Friday, 29 April 2016

Mingolo

In his article, Mingolo compels us to reconsider our naïve notions regarding the knowledge-making process – one that completely negates that knowledge production has actual geo-political locations, that is closely tied to very real power structures in the world, and indeed is part of that process. Mingolo explains how the Geo-politics of knowledge goes hand in hand with geo-politics of knowing. He is basically concerned with questions of Who, when, why and where is knowledge generated, and in doing so he attempts to shift our focus from the “enunciated to the enunciation”. However if we recognize the knowledge production is tied to coloniality, how do we respond to it in order to move beyond this conundrum. Mingolo claims that it is not enough to simply change the content of what is being said, but actually the terms in which it is being said.
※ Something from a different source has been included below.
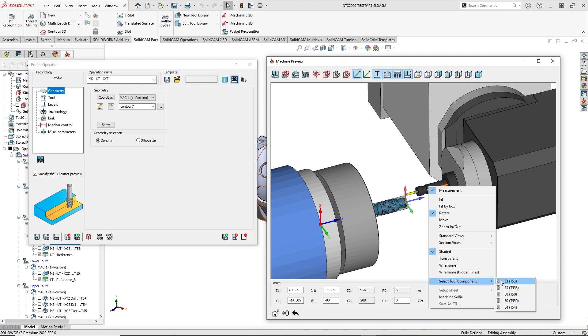As you can see, the feature shows me all available tool cutting points, allowing fast switching between them.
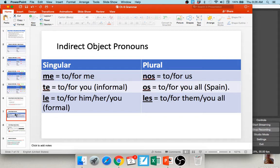Say those with me: me, te, le, nos, os, les. Hopefully you're recognizing these from Español 1 — we saw all of these in front of the verb gustar. Me gusta means to or for me it is pleasing; te gusta means to or for you it is pleasing. So you already know these things — you just didn't realize they were indirect object pronouns.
However, in the process of changing those terms – what alternative do we really have? And, how much scope do we really have to change the terms involved in the discussion? Can we really delink ourselves by playing within the rules of the game? For instance, much of what we have talked about positionality in this course is an attempt to push us  into that direction of delinking ourselves, however, how emancipatory is it, if continues to hold the same system, and uses the same terms of agency, resistance, autonomous domain, rationality.  I agree that in attempting to call in question the colonial foundation of modern knowledge production we need to shift our attention from the known to the knower, but even then what possilbities do we really have?